What Fraudsters and 'Black Swans' Have in Common, How AI Can Mitigate the Effects of Both
Artificial intelligence (AI) can make predictions to help solve issues as complex as money laundering, but how can we build an AI system that works in the real world, where data is dynamic and the goalposts shift constantly?
Opinions expressed by Entrepreneur contributors are their own.
Artificial intelligence (AI) uses historical data to predict the future. For example, in the case of fraud, historical fraud activity can be used to predict new fraud in real time. Currently, AI is commonly used in anti-money laundering (AML) by tracking the historical data and using anomalies with respect to the normal distribution.
Aside from looking at the facts and drawing conclusions — like a human can — AI can digest large amounts of data and combine it into a single model that can conclude as well as predict.
AI, in other words, involves generalization en masse using a sophisticated algorithm that can predict outputs consistent with the historical data.
Related: When Should You Not Invest in AI?
What about dynamic data?
Predicting based on a set of historical data can work well for certain purposes, but it very much depends on an ideal world where all data is consistent. We know this isn't always the case.
In a theoretical environment or a lab, data is static. In the real world, it tends to be dynamic. If we're thinking about AI as explained above, problems are caused when data shifts and changes — a common occurrence in any real-world business environment.

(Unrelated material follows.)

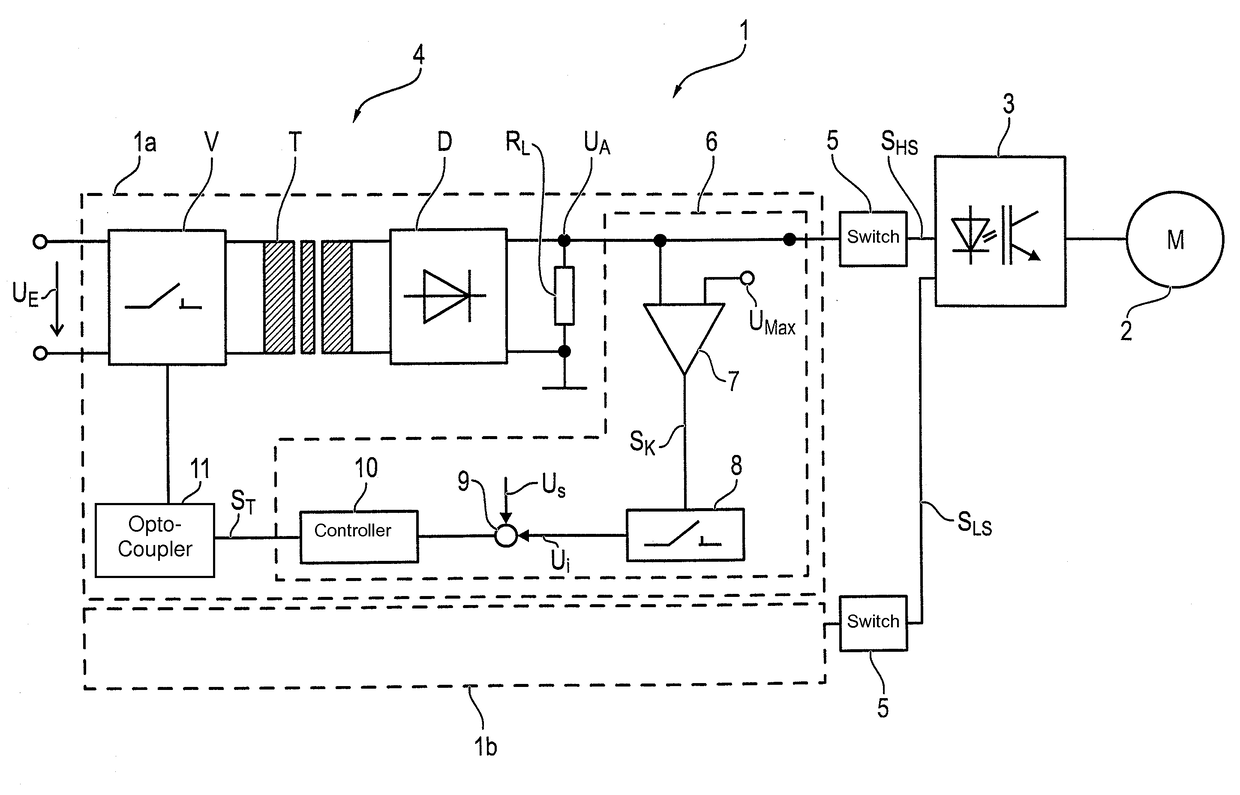 Safety function control for an electric machine and method of operating the electric machine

What happens when data shifts?
If there was ever an example of circumstances changing, the past 18 months have been it.
Hindsight is a wonderful thing: What if we'd known that a severe pandemic was going to hit? How would it have impacted insurance and loans risk, for example? How would it have impacted production models based on millions of data points from 2015 to 2019? Clearly, 2020 caused a huge anomaly, which is often referred to in data as a Black Swan — an "unknown unknown" that despite the best preparations and the most sophisticated data models, could not have been fully predicted.
This has impacted many of the processes we took for granted. It's all very well to use something like natural language processing (NLP) to sort through customer-service emails, but what about a new influx of emails that concern Covid-19, an issue that has not historically been dealt with or even mentioned?
However, Black Swans like a global pandemic are not the only thing that can dramatically affect the business environment. Fraud is changing and evolving all the time, as fraudsters try to attack from different angles and learn new techniques every day.
When it comes to AI applications that are as mission-critical as fraud detection, solutions must fulfill three key criteria: stability, sustainabilty and delivery as a system.
Stability is the word on everyone's lips in 2021 as businesses try to make sure they can stay resilient after a decidedly "unstable" year and adapt their operations to withstand the challenges of the new normal. This is no different in the world of machine learning.
In machine learning, stability is all about how various challenges can be dealt with. While a classic application will be able to take inputs and predict outputs, a truly stable system can do so in spite of environmental factors such as errors or typos in the data, or even bias. A stable system will also be able to note when this isn't happening properly, for whatever reason, and alert us humans.
Robustness issues can often rear their head in the production process: building your proof of concept is a far cry from productizing a stable solution in the real world. Having a clear understanding of the data, as well as possible drifts and changes, is a must — then the development team can validate the robustness of the model as early on as possible.
AI solutions can be thought of almost as a living, breathing entity. You can't just build, deploy and move on; they require constant attention and maintenance over time. Since machine learning is data driven, it's important to understand that data is dynamic and will change over time. When this happens, the solution needs to be able to adapt. Without the ability to change your model, it will become irrelevant very quickly and won't be sustainable.
Problems with changing the model are usually related to research. Engineers use data to train a model, but they need to research where a solution is not known or closed. It's important to have a thorough process where you investigate different directions before the problem is solved — this should be done repeatedly in production as the data changes to ensure sustainability.
Building a system
As already discussed, both stability and sustainability are critical. They involve various challenges, but these can be overcome with the right investment in fundamentals. However, both elements can only work if the leadership team (e.g., the CIO, AI/ML leader) addresses the production process in the right way.
Currently, there is a huge gap between building a model with a great group of researchers and productizing a valuable AI system. To get to that stage, a system must be developed that includes the ability to monitor, retrain the models in production, compare models, collect user feedback, cut through the noise involved in the data input, mitigate bias and more.
Kicking AI into high gear
Now, 2021 will be a huge year for AI adoption, especially in a financial-services system that aims to be robust against unexpected events like a pandemic and the ever-growing threat of fraud.
Currently, we're seeing a lot of interesting proofs of concept and even some early adopters achieving ROI from AI. This year, the technology, experience and talent involved in extracting true value from AI will reach critical mass.
There will be a huge and visible distinction between companies that have built the right strategy, teams, tools and relationships with external vendors, and those that fail to adopt the approach of ensuring AI models work as a "stable, sustainable system."